The presentation employs a Comparative Historical Analysis approach to 1) identify historical patterns of amalgamation reforms in Europe and to 2) provide a macro-causal explanation to make sense of continuities and discontinuities in these reforms. I unpack four key elements of time required to investigate municipal amalgamations in a comparative manner: a) the historical time of adoption (enactment); b) the sequencing of reforms across countries; c) the tempo of the reforms (fast or radical vs. slow or incremental); and d) the duration of the reform (implementation).

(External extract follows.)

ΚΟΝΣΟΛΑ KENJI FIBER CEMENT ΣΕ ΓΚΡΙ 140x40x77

In this search for a macro-causal explanation for amalgamation reforms I highlight the different historical time of amalgamation reforms, with some taking place almost two centuries ago (Portugal, 1835), others early after WWII (e.g. Sweden, 1948-52), others much later (e.g., Greece, 1999; Georgia 2002-2006), more than once (e.g., Denmark, 1960s and 2004-05), or never (Spain). Next, I employ the elements of physical time – sequencing, tempo and duration – to uncover the complex causal processes and patterns that generated these territorial reforms.

 

António Tavares is associate professor w/ habilitation at the School of Economics and Management of the University of Minho in Braga, Portugal. He is also adjunct associate professor at the Operating Unit on Policy-Driven Electronic Governance of the United Nations University in Guimarães, Portugal. His research interests comprise topics in the fields of local government and urban politics, including territorial reforms, regional governance, service delivery, and political and civic engagement. His research has been published in a wide range of journals in political science, public administration and urban studies. Between December 2013 and December 2019, he served as co-editor of the Urban Affairs Review, the journal affiliated with the Urban Politics Section of the American Political Science Association. He is the author of the book essay Administração Pública Portuguesa (2019, Fundação Francisco Manuel dos Santos).

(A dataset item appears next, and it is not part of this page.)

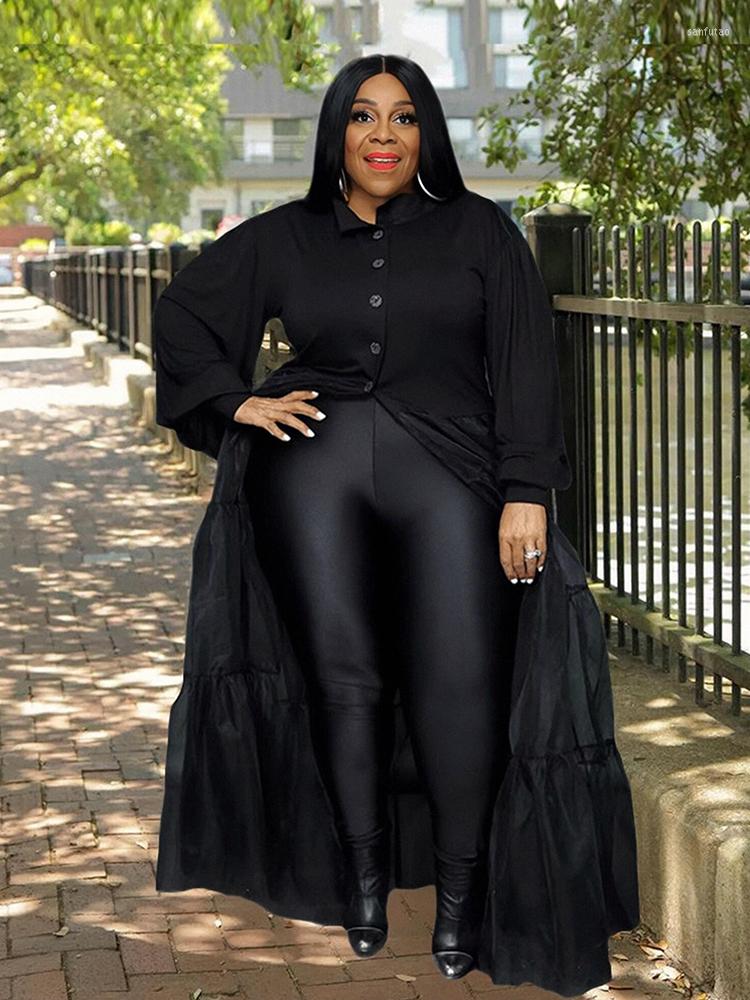 

Plus Size Dresses Woman Dress Ladies Mesh Gothic Black Long Sleeve Polo Shirt Wholesale Bulk Drop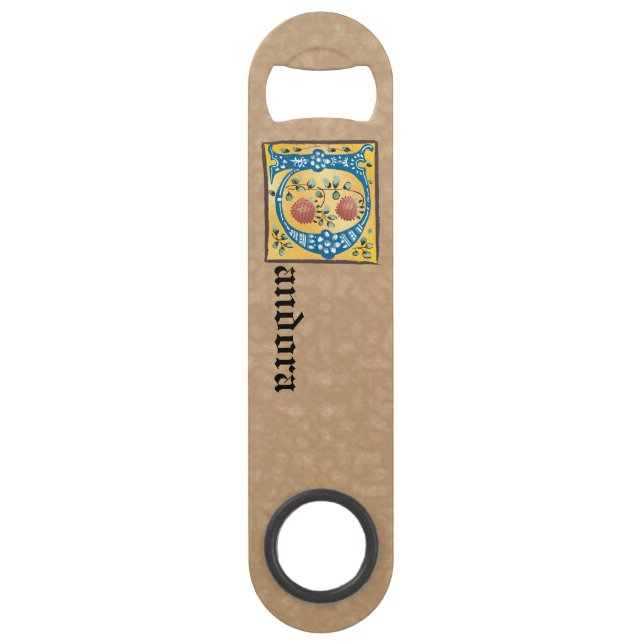 Medieval Floral Illuminated Letter P Monogram Bar Key (Front)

Tavares received his Ph.D. in Public Administration from the Reubin O’D. Askew School of Public Administration and Policy at Florida State University. He holds a Masters in Public Administration from the University of Minho, Portugal, and a B.A. in Organizational Sociology from the University of Minho, Portugal. He teaches Local Government, Theories of the Policy Process, and Public Policy Analysis and Evaluation and is involved in professional training for upper level civil servants in the fields of public policy and administration.